Ощущение медленно приоткрывающейся завесы тайны, одного секрета, ведущего к другому - такова общая канва всех этих книг. Если у тебя отец шпион, пусть и любящий, это сродни признанию того, что ты не знаешь правду о своих родителях. И рядом постоянно присутствует ощущение, что на предательство его толкнуло государство, и что твоя частная жизнь каким-то образом стала вопросом большой политики.

Из книги Ричардсона «Мой отец-шпион», например, мы узнаем, что в годы холодной войны его отец Джон Ричардсон-старший был «высокопоставленным» сотрудником ЦРУ, ранее работавшим под прикрытием в Вене в советской зоне. Позднее он был руководителем резидентуры ЦРУ в Сайгоне, но затем его отозвали, сделав козлом отпущения за просчеты посла Генри Кэбота Лоджа, когда в американской политике царила неразбериха. «Его ожесточение, - пишет Ричардсон об отце, - было загадкой моего детства». На другом конце этого континуума находится книга Роберта Меерополя (Robert Meeropol) «An Execution in the Family: One Son's Journey» (Казнь в семье: путь одного сына). Он -один из сыновей Этель и Юлиуса Розенбергов, которых казнили как шпионов, работавших на Советский Союз. Страстно защищая родителей, Меерополь вновь переживает мучения детских лет, когда его все сторонились как прокаженного из-за дурной славы отца и матери. Видимо, стремясь примирить свою преданность родителям и родине, он заявляет: «Я верю, что мои родители действовали как патриоты». Хотя мой отец шпионил не против США, а против Японии, я слышу эхо мольбы Меерополя в страданиях моей матери.

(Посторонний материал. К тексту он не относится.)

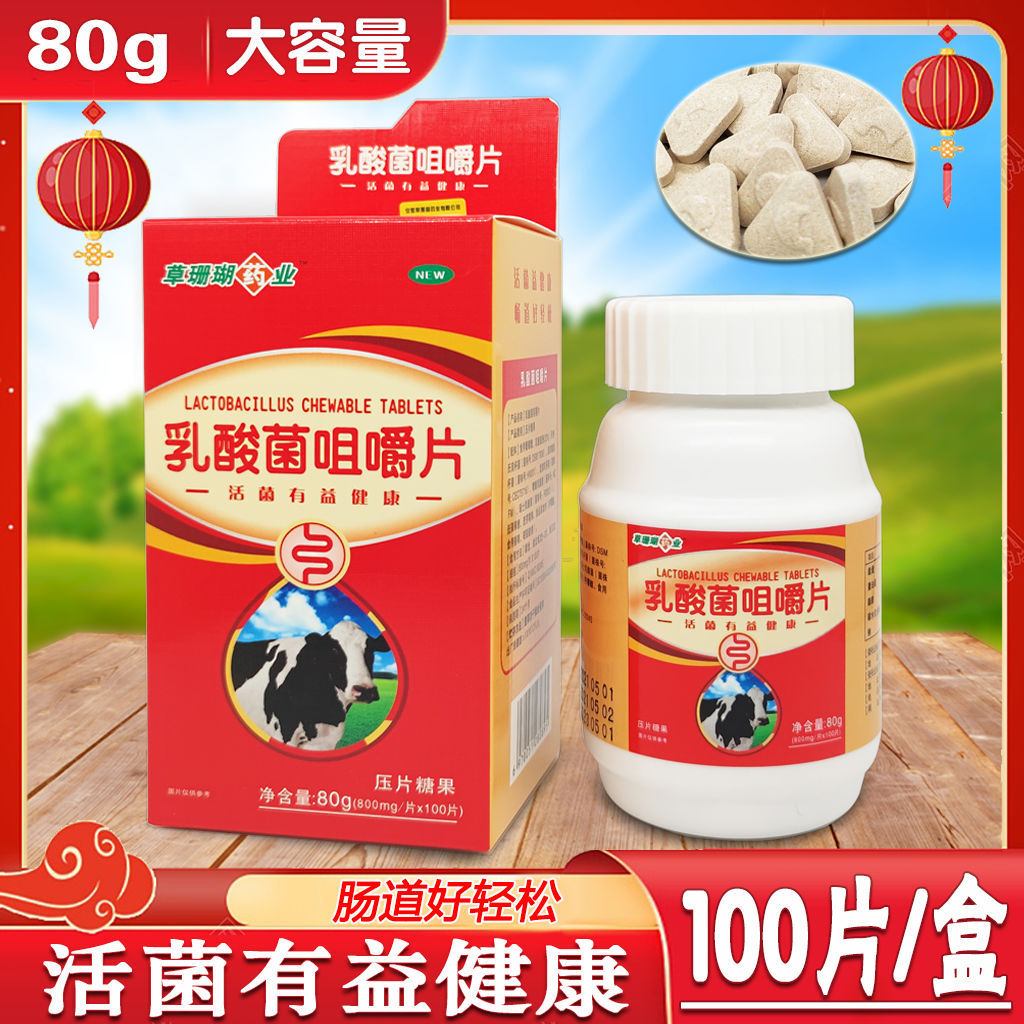 乳酸菌咀嚼片100片嚼着吃肠道益生菌儿童成人活菌益健康80g大容量
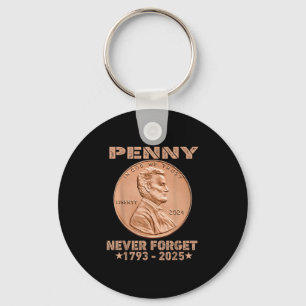 Porte-clés Drôle N'Oubliez Jamais Penny Coin 1 Cent Retro 202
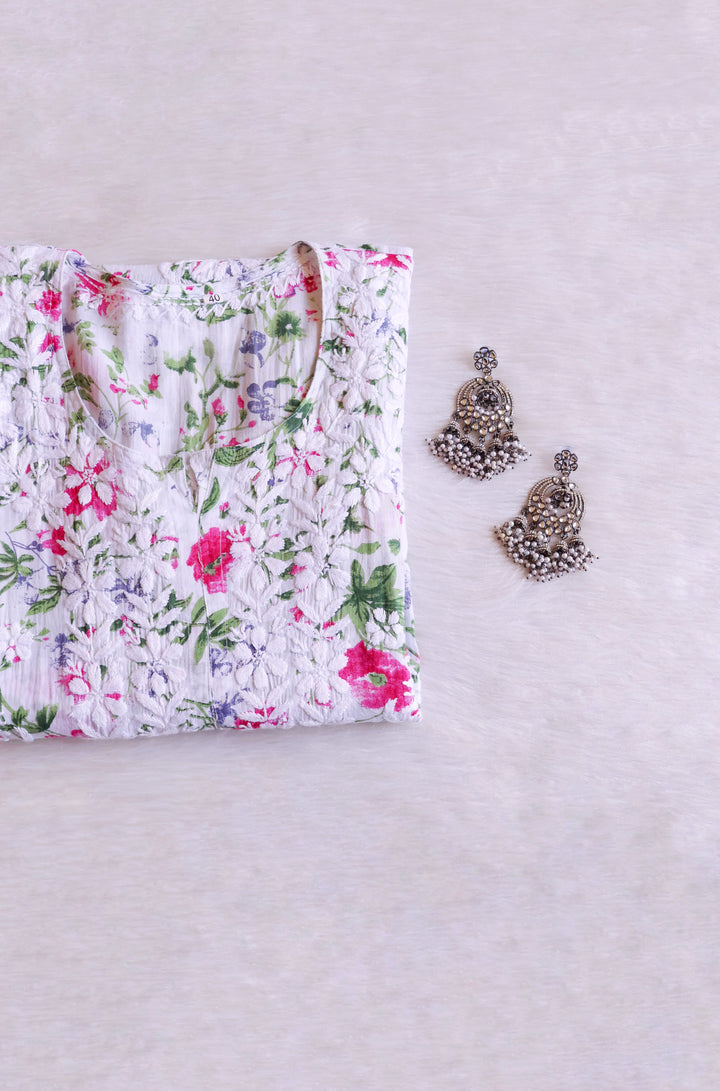 Amna White & Pink Floral Long MulMul kurta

Это довольно странно, но мне ближе и понятнее всего другая вышедшая недавно книга об отце-изменнике. Это написанная Вибке Брунс (Wibke Bruhns) «My Father's Country: The Story of a German Family» (Страна моего отца: история немецкой семьи). Автор рассказывает о своем отце, офицере германской армии времен Второй мировой войны, казненном в 1944 году (Вибке Брунс тогда было шесть лет) за участие в заговоре с целью убийства Гитлера. «Я никогда его не знала, и в результате  он меня совершенно не трогал. Я никогда не скучала по нему», - пишет она о своем детстве. Став взрослой, она с огромным трудом примирилась с тем, что ее семья поддерживала национал-социализм. Но в итоге из-за участия отца в неудачном покушении она стала смотреть на него как на героя, отрекшегося от Гитлера. Она с сожалением говорит со своим мертвым отцом: «Как бы мне хотелось посмеяться вместе с тобой».

Глядя на фотографию своего отца, я понимаю, что смеяться вместе с ним мне было бы трудно. Когда я узнал, как с ним обращались в тюрьме и в ГУЛАГе, моей первой инстинктивной реакцией была ненависть к его мучителям. Но куда я могу направить свой гнев? Сталин давно уже умер, как и его кровожадные приспешники. Советской системы больше нет. Она - лишь память о времени и о политике давно ушедших дней. Но когда я смотрю на его фотографию, где он так молод, у меня возникает странное желание защитить его - как будто он мой сын. Мне больно от того, что он умер от голода и холода, что его похоронили в бескрайней российской тундре, не оставив никакого памятника, никакой надписи. Поэтому я и пишу - чтобы вернуть его обратно из ГУЛАГа, чтобы собрать его жизнь в единое целое из нескольких пыльных клочков бумаги, лежащих в папке на Лубянке, чтобы организовать ему похороны, которых у него не было.